Are lung cancer tumors now routinely genomically tested to determine the most effective therapy for each patient?
At the Dana-Farber Cancer Institute, all patients with lung cancer are being tested for a number of major actionable gene alterations. And I think this is also true at the institutions in the Lung Cancer Mutation Consortium. I don’t know if it is happening at community oncology practices, but I think all patients with non–small cell lung cancer should be tested for mutations and other genomic alterations, especially patients who are nonsmokers, because they are the most likely to have actionable alterations in their genomes.
Looking Ahead
How might your findings benefit patients with lung cancer in the future?
In 2004, our group at Dana-Farber, as well as other groups, discovered EGFR mutations in lung cancer, and I think that started the paradigm of testing patients for gene mutations and using targeted therapies against those mutations. We have seen patients benefit enormously from EGFR inhibitors and more recently from ALK inhibitors. These findings have really changed our view of lung cancer, and we have gone from seeing advanced disease as an almost intractable disease to a situation where there is hope for every patient with lung cancer.
But there still is no cure?
Yes, that’s true. But in addition to what we have already discussed, there is another area that is beginning to show promise in lung cancer treatment, especially for squamous cell lung cancer, and it is with drugs that affect immune system regulation, such as anti-PD1 or anti-PDL1 antibodies. In our study, we found loss-of-function mutation in the HLA-A gene, which encodes major histocompatibility complex class 1. These mutations downregulate the immune response, so it suggests that the squamous cell lung cancers are somehow using downregulation of the immune response as a mechanism of tumor progression.
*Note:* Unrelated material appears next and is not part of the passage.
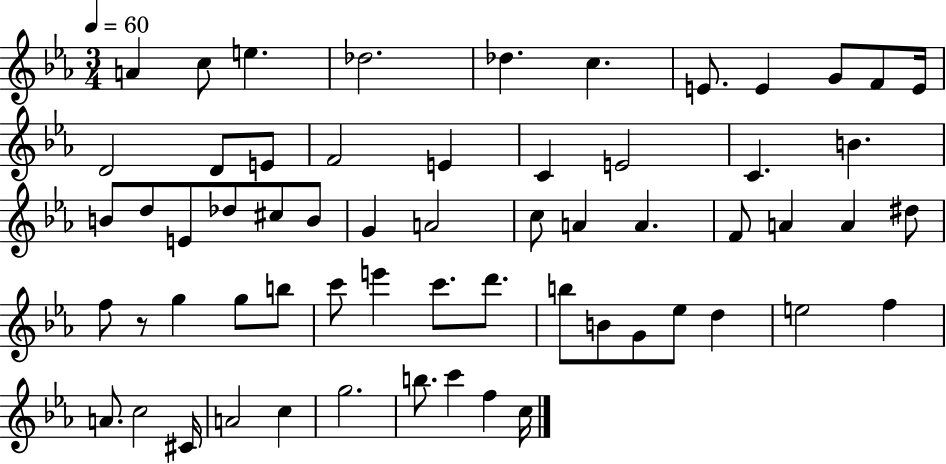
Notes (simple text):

This is interesting because the squamous cell lung cancers are responding to drugs like anti-PD1 antibodies. That suggests the squamous cell lung cancers may be trying to avoid an immune response because the immune response keeps the cancer in check. It is consistent with the observation that antibodies such as anti-PD1 or anti-PDL1 appear to be effective in the treatment of squamous cell lung cancer.
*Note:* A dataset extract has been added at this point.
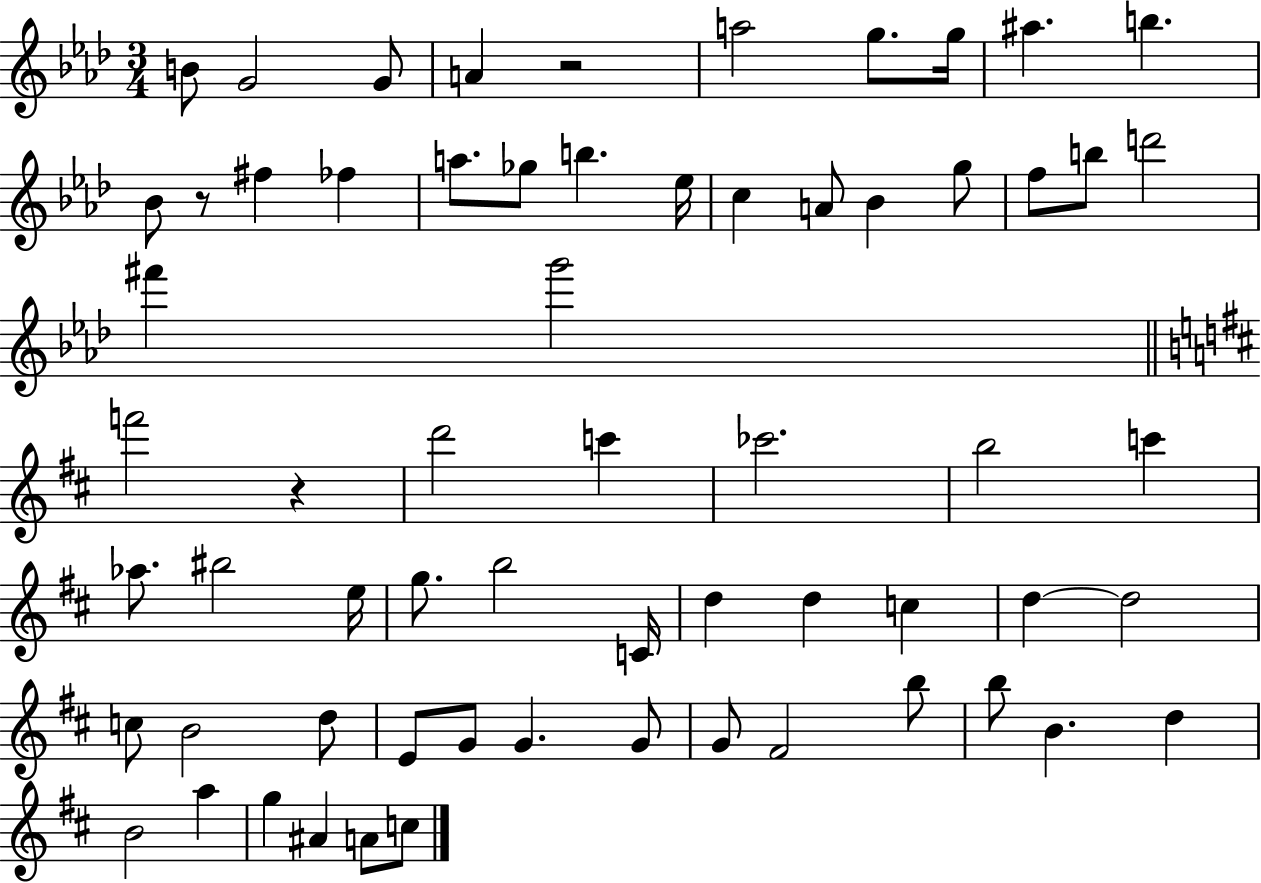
B4/e G4/h G4/e A4/q R/h A5/h G5/e. G5/s A#5/q. B5/q. Bb4/e R/e F#5/q FES5/q A5/e. Gb5/e B5/q. Eb5/s C5/q A4/e Bb4/q G5/e F5/e B5/e D6/h F#6/q G6/h F6/h R/q D6/h C6/q CES6/h. B5/h C6/q Ab5/e. BIS5/h E5/s G5/e. B5/h C4/s D5/q D5/q C5/q D5/q D5/h C5/e B4/h D5/e E4/e G4/e G4/q. G4/e G4/e F#4/h B5/e B5/e B4/q. D5/q B4/h A5/q G5/q A#4/q A4/e C5/e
The other interesting feature of squamous cell lung cancers is that they have a very high mutation rate. That means that they have a lot of mutations in many, many different proteins, and these proteins could create neoantigens or neoepitopes that could be recognized by the immune system. So the loss-of-function mutation in HLA-A provides more evidence that patients with squamous cell lung cancer may have underlying immune control of their cancers, and there may be some benefit achieved with immune system therapy.
A related point is this: Now that we have the concept of genomic stratification to help identify patients who will benefit from targeted therapy, we may also use genomic analysis to help identify patients who will benefit from immunomodulatory therapy. Another important suggestion of this study is that our findings are not limited to squamous cell lung cancer, but can be applied to all types of lung cancer.
I’m confident that in the future, therapies will become more targeted and effective and that it will be possible to cure all lung cancers. ■
Disclosure: Dr. Meyerson is an inventor of the patent on using the EGFR gene for cancer diagnosis and is the founder of Foundation Medicine, a cancer diagnostics company.
Reference
1. The Cancer Genome Atlas Research Network: Comprehensive genomic characterization of squamous cell lung cancers. Nature 489:519-525, 2012.